** Data excerpt **
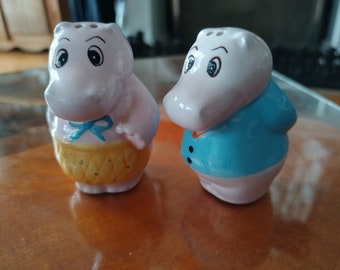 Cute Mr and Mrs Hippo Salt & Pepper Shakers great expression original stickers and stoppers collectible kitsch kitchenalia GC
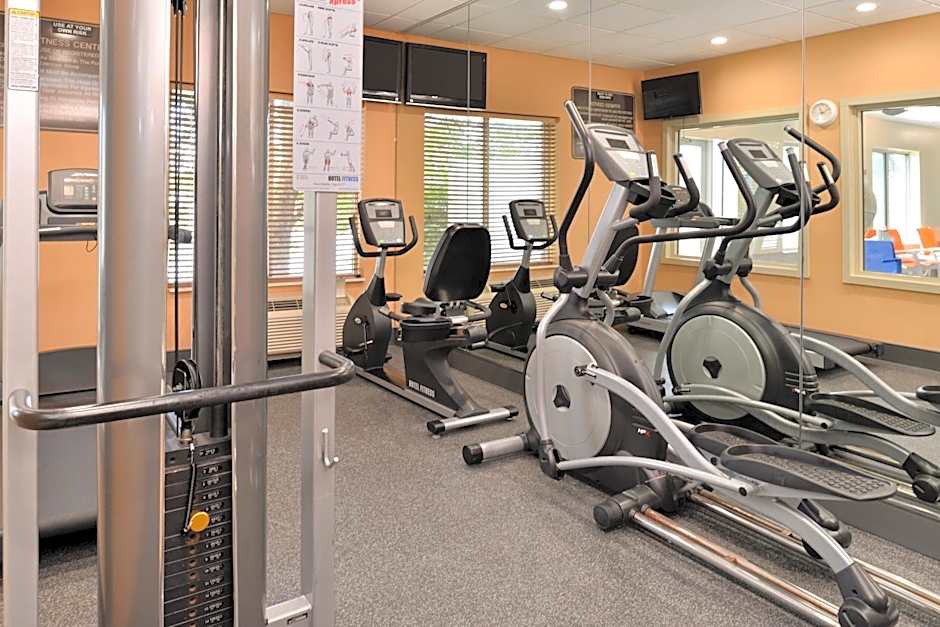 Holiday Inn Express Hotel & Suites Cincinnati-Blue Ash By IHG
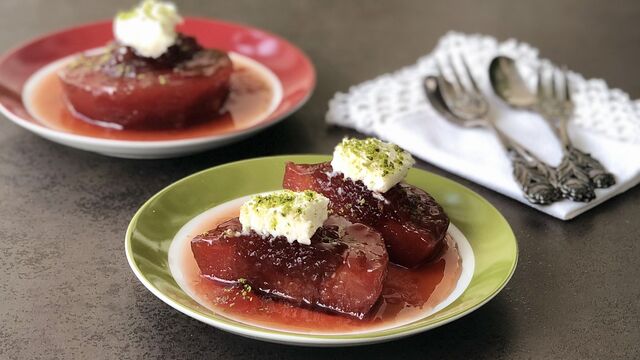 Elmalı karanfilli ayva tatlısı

** Problem **
With the images excluded, reproduce the data above precisely as written.

** Response **
 Cute Mr and Mrs Hippo Salt & Pepper Shakers great expression original stickers and stoppers collectible kitsch kitchenalia GC
 Holiday Inn Express Hotel & Suites Cincinnati-Blue Ash By IHG
 Elmalı karanfilli ayva tatlısı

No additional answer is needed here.